• Records:
----------------

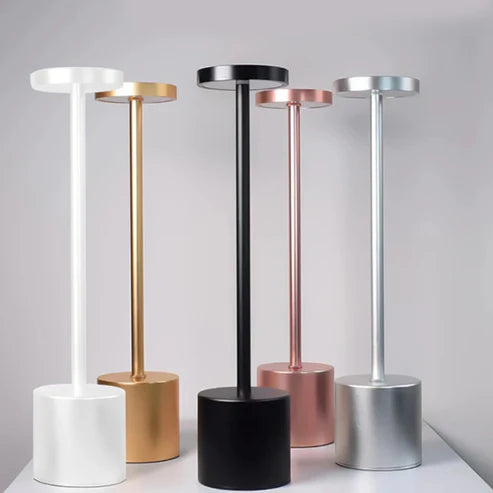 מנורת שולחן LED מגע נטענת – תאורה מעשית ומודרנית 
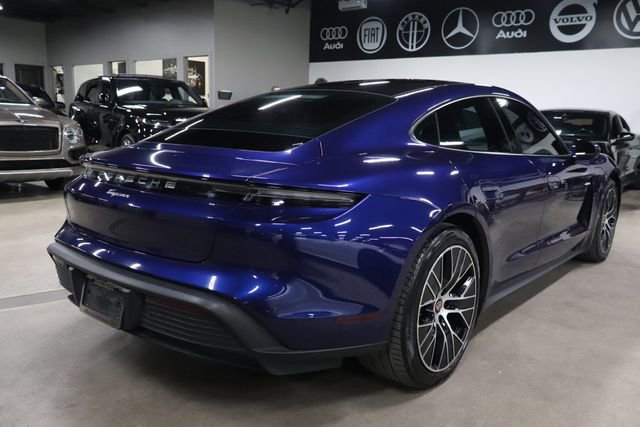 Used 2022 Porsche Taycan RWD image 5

----------------

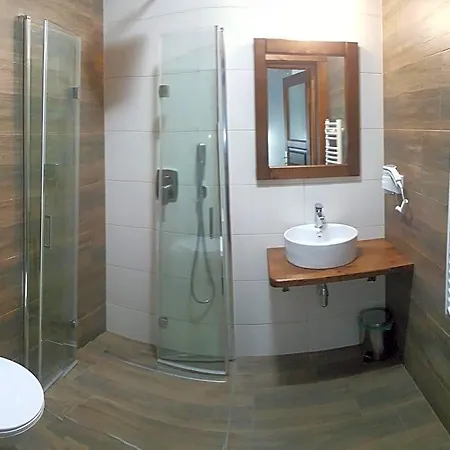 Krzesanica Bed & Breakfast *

----------------

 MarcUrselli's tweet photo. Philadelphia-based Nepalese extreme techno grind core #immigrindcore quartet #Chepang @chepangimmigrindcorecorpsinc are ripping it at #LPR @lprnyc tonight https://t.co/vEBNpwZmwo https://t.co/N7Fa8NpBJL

----------------

• Work to be completed: Please repeat the lines of the material above exactly, starting with the line that contains "מנורת שולחן LED" and ending with the line that contains "Used 2022 Porsche Taycan RWD image 5". Leave the pictures out.

• Solved problem:
 מנורת שולחן LED מגע נטענת – תאורה מעשית ומודרנית 
 Used 2022 Porsche Taycan RWD image 5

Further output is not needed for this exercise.